En attendant le gros lot

Par Mathieu Van Overstraeten @matvano

Nettoyage à sec (Joris Mertens – Editions Rue de Sèvres)

Le quotidien de François est réglé comme du papier à musique. Ce célibataire endurci, au physique passe-partout, a ses petites habitudes immuables. Tous les jours ou presque, il fume une cigarette sur le balcon de son appartement, passe boire une Stella Artois au bar Monico, fait un détour par le kiosque à journaux pour jouer ses numéros fétiches au Lotto. Le 5, le 8, le 24, le 12, le 10 et le 52, soit la date de son anniversaire et celle du jour où son voisin du haut est mort. « Deux jours de chance », sourit-il. Cela fait au moins cinq ans que François joue cette même combinaison. Pour lui, c’est sûr, la persévérance est la clé de la réussite. S’il gagne le gros lot de 10 millions de francs à la loterie, François s’achètera une Mercedes, mais surtout, il fera l’acquisition d’un bel appartement à la mer pour Maryvonne, la jeune femme souriante qui tient le kiosque. Elle est le seul rayon de soleil dans son existence plutôt terne. Il rêve de pouvoir lui offrir un jour une vie meilleure, elle qui élève seule sa fille Romy. « Une adorable enfant, cette petite. Et intelligente », dit-il à Maryvonne pour la flatter. Mais en attendant cet improbable jour de chance, François traverse une mauvaise passe. Il pleut des cordes sur la ville mais il a oublié son parapluie, ce qui lui vaut d’être trempé comme s’il sortait de sa douche. En plus, la patronne de la blanchisserie pour laquelle il travaille depuis des années comme chauffeur refuse de lui accorder une augmentation. Pire que ça, elle lui colle dans les pattes son neveu Alain, un incapable à qui il faut apprendre toutes les ficelles du métier. Traverser la ville avec ce gars-là au volant n’a rien d’une partie de plaisir… surtout pour les piétons qui ont le malheur de croiser son chemin! Lorsque François est envoyé par son employeur pour une livraison en-dehors de la ville, son destin bascule. Alors qu’un des pneus de la camionnette est à plat et qu’il pleut toujours autant, il doit marcher à travers bois pour livrer des costumes dans une grande maison isolée. Il sonne, il appelle, mais personne ne lui ouvre. Il décide alors de pousser la porte et fait une découverte qui pourrait enfin changer sa vie…
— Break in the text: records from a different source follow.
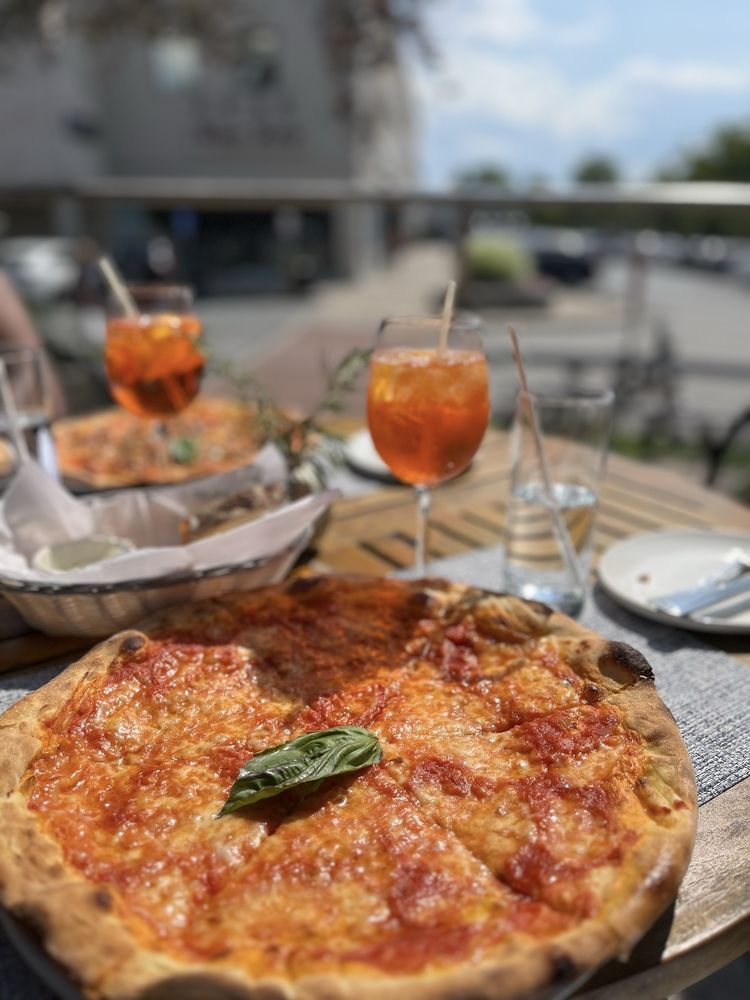 SERAFINA ITALIAN RESTAURANT Updated November 2024 112 Photos & 68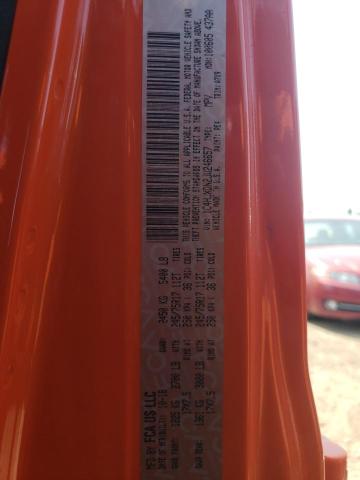 2018 JEEP WRANGLER U - 1C4HJXDN2JW246657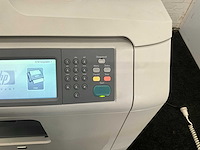 Printer - afbeelding 15 van  17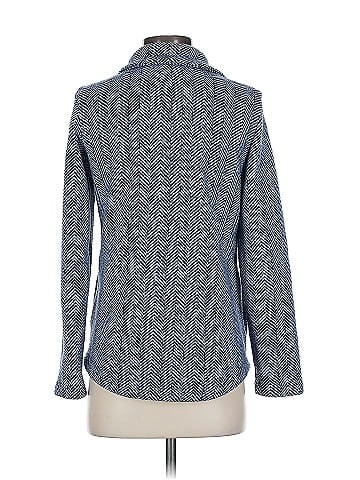 Basic Editions Jacket (view 2)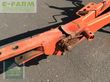 Rastrillo - Kuhn - ga 6632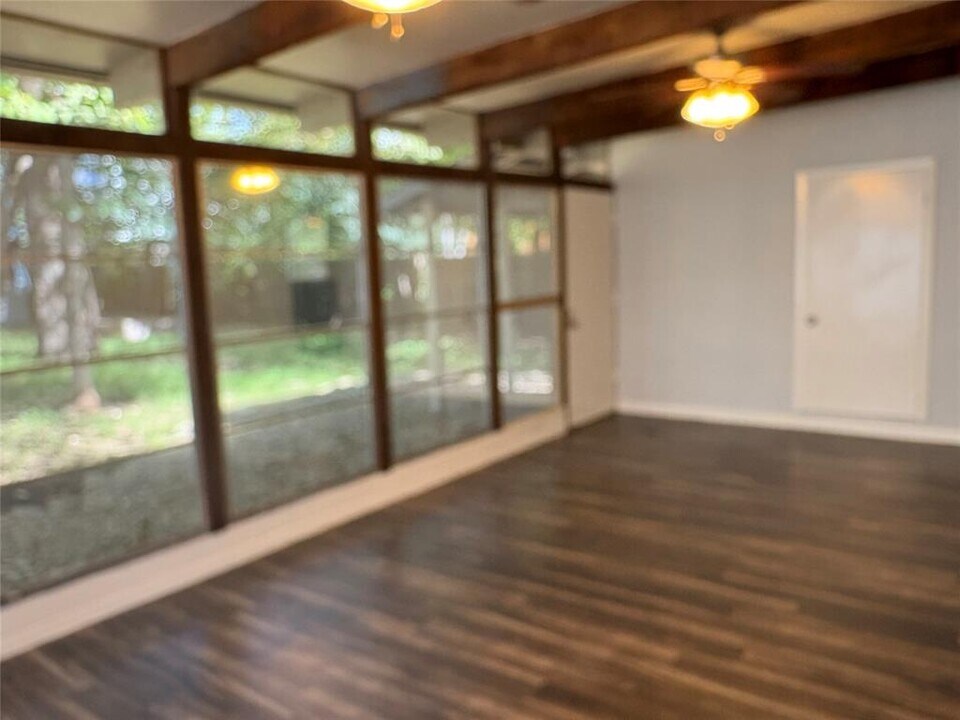 4312 Hank Ave in Austin, TX - Building Photo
Décidément, Joris Mertens est un nom à suivre de près. De très près, même. Cet auteur flamand avait marqué une première fois les esprits il y a deux ans avec « Béatrice », une bande dessinée muette et hors du temps sur une vendeuse fascinée par un vieil album photos. Aujourd’hui, ce quinquagénaire, qui a d’abord fait carrière comme graphiste dans le monde du cinéma et de la télévision avant de se lancer dans la BD sur le tard, frappe une nouvelle fois très fort avec « Nettoyage à sec ». Tout comme son livre précédent, il s’agit d’un ouvrage visuellement bluffant, mais avec cette fois les dialogues en plus. Après l’image, Joris Mertens ajoute le son. On sent clairement l’influence du cinéma dans cette bande dessinée. Pas seulement parce que son personnage principal a des faux airs de Jean-Pierre Bacri, mais aussi parce que le décor, les habits, le rythme et l’intrigue font penser à un film français des années 70. En feuilletant les pages de cet album, on a l’impression de retourner quelques dizaines d’années en arrière, notamment grâce aux publicités d’époque. Au-delà de l’histoire de « Nettoyage à sec », qui est intéressante mais finalement assez secondaire, c’est surtout l’ambiance qui donne à cette bande dessinée toute sa saveur. Grâce à des doubles pages superbes et un vrai sens du détail, Joris Mertens fait preuve d’un talent d’orfèvre pour recréer le décor urbain et humide d’une ville des années 70. Cette ville ressemble très fort à Bruxelles, tout en intégrant aussi des éléments plus parisiens. La plupart du temps, on a vraiment l’impression d’être dans la capitale belge – on reconnaît notamment la Place De Brouckère ou l’Hôtel Métropole – mais Joris Mertens prend un malin plaisir à brouiller les pistes en ajoutant certains ponts ou bâtiments qui, de toute évidence, ne sont pas bruxellois. Et puis, il y a la pluie, omniprésente sur toutes les pages ou presque, au point de jouer un rôle important dans le dénouement de l’intrigue. La façon dont le dessinateur flamand parvient à mettre en images cette ambiance urbaine et pluvieuse est remarquable, grâce à des jeux d’ombres et de reflets dans les flaques, sur les pavés trempés ou sur les rails du tram. Un véritable régal pour les yeux.